Not long afterward, Leo Gagne, a retired Navy tailor who runs a small mending business from his basement, had Potts' National Guard uniforms hanging by his sewing machines.

Potts had orders to ship out for Iraq and asked his neighbor whether he might take in his uniform's dress jacket a bit and sew some insignia patches on his sleeves.

In Gagne's basement shop, Potts, a marine mechanic, confided how hard it would be to leave his wife, Terri, and his two sons Christopher Jr., 16, and Jackson, 2; to leave the life they had settled into since recently moving to East Beardsworth Road.

But March arrived nonetheless, and Potts, who had served with the Guard for 14 years, stashed in his bag the uniforms tailored by his neighbor and went off to war.

Yesterday the vagaries of war returned to the small ranches and split-levels of East Beardsworth Road, as news slowly filtered along the hill that Sgt. Christopher S. Potts had died in a gun battle in Iraq on Sunday, his 38th birthday.

"Oh, that surely is sad news," Leo Gagne said as Potts' relatives and friends gathered next door to mourn. "Sad, sad."

Gagne recalled how the other day he had seen Terri Potts outside in the backyard. They talked over the fence. Gagne asked how her husband was doing.

"We're halfway home," she told him.

POTTS WAS STATIONED Sunday with about eight other American soldiers at a traffic checkpoint in Taji, a dozen miles north of Baghdad, when the soldiers came under fire from insurgents, said National Guard spokesman Lt. Col. Michael McNamara.

Another American soldier, from Arkansas, also died in the battle, which occurred about 5 p.m. Iraq time, McNamara said.

Potts served with A Battery, 1st Battalion, 103rd Field Artillery of the Rhode Island National Guard. When not attached to the artillery guns, he was often stationed at traffic checkpoints, McNamara said, to control insurgent movements through the area.

Sunday's attack was typical of the fighting Americans face every day, McNamara said. The insurgents "just open fire. It can happen anywhere, anytime."

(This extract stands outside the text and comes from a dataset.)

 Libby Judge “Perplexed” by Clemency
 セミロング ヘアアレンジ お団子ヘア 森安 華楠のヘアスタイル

Potts' death was announced yesterday morning at a news conference attended by National Guard Maj. Gen. Reginald Centracchio, Governor Carcieri and seven of Potts' comrades' wives, who make up the core of the 103rd's Family Readiness Group.

Terri Potts, a member of the group, has attended some of the same grief-management training seminars. Together, the wives offer support to spouses and family members who lose loved ones in war. Yesterday the women cried for one of their own.

"This is a sad day for our state, for our Guard, and an enormously sad day for Christopher's family," said Carcieri, who asked for prayers for Potts' family and for the 471 other local National Guard members still in Iraq.

"There is nothing you can say or do at a time like this," Carcieri said, but offer a hug.

Carcieri acknowledged the growing anxiety many feel about the war, as deployments continue and deaths mount.

"These deployments get more difficult and you see families separated," the governor said. Relatives "are worried every minute of every day. It is a very difficult time. We all feel it. We all wish this war was over, the sooner the better."

Yet, in the face of an extremely difficult job, Carcieri said, local Guard members are performing "extraordinarily well."

Potts was the fourth Rhode Island National Guard member to die in Iraq. (Two of those men lived in Massachusetts.) Eight other Rhode Islanders have also died in Iraq or Afghanistan since the Sept. 11, 2001, terrorist attacks. Sixty-eight other Rhode Island National Guard members have been injured.

This was Potts' and his unit's first assignment overseas. He was expected home in April.

Potts was raised in Middletown, McNamara said. He worked for several years at New England Boat Works in Portsmouth as a mechanic. Fellow employees yesterday honored the family's wishes that they not speak publicly yet about him.

Potts' body is expected in Rhode Island in about a week, McNamara said.

Yesterday afternoon, Greg Manchester was working around his house on East Beardsworth Road when a reporter asked him whether he had heard the news about his neighbor Christopher Potts.

Manchester replied with a one-word question:

"Iraq?"

The reporter nodded.

Manchester's eyes filled with tears.